| TASK BRIEF |
Copy out the full data exactly as given; pictures should not be included.

| COLLECTED DATA |
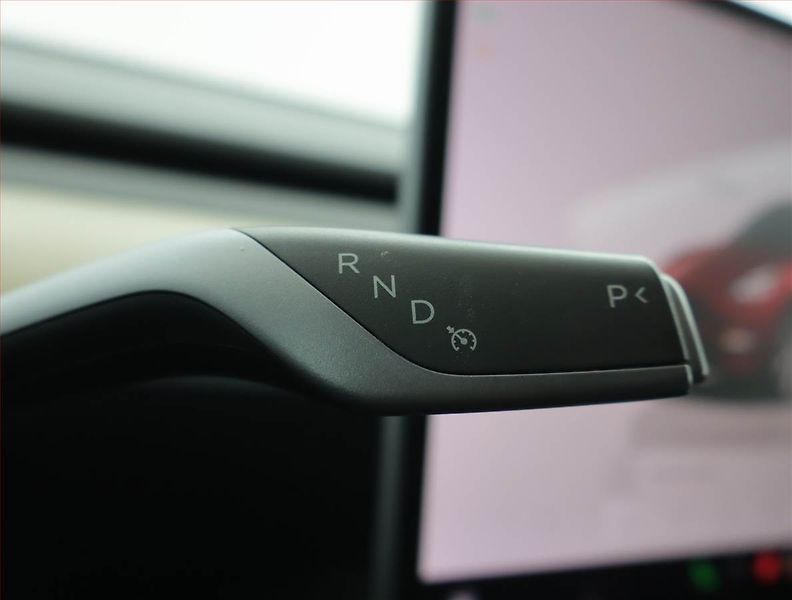 Tesla Model Y (2022) RWD LFP 60kWh, SoH 92% - fotka 13 z 20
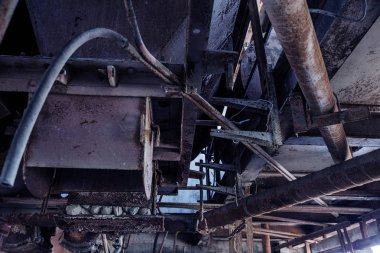Endüstriyel Bina çimento fabrikası Chernobyl, terk edilmiş. Eski bir fabrika kalıntıları. Bi boka yaramaz, paslı metal çimento fabrikası donatımın bozuldu. Kıyamet tasarım, retro, stalker için öğe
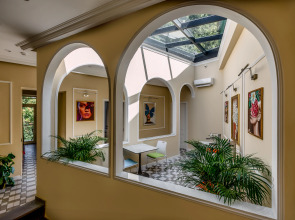 Бутик-отель Hillside City Сenter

| OUTPUT FOR THIS TASK |
 Tesla Model Y (2022) RWD LFP 60kWh, SoH 92% - fotka 13 z 20
Endüstriyel Bina çimento fabrikası Chernobyl, terk edilmiş. Eski bir fabrika kalıntıları. Bi boka yaramaz, paslı metal çimento fabrikası donatımın bozuldu. Kıyamet tasarım, retro, stalker için öğe
 Бутик-отель Hillside City Сenter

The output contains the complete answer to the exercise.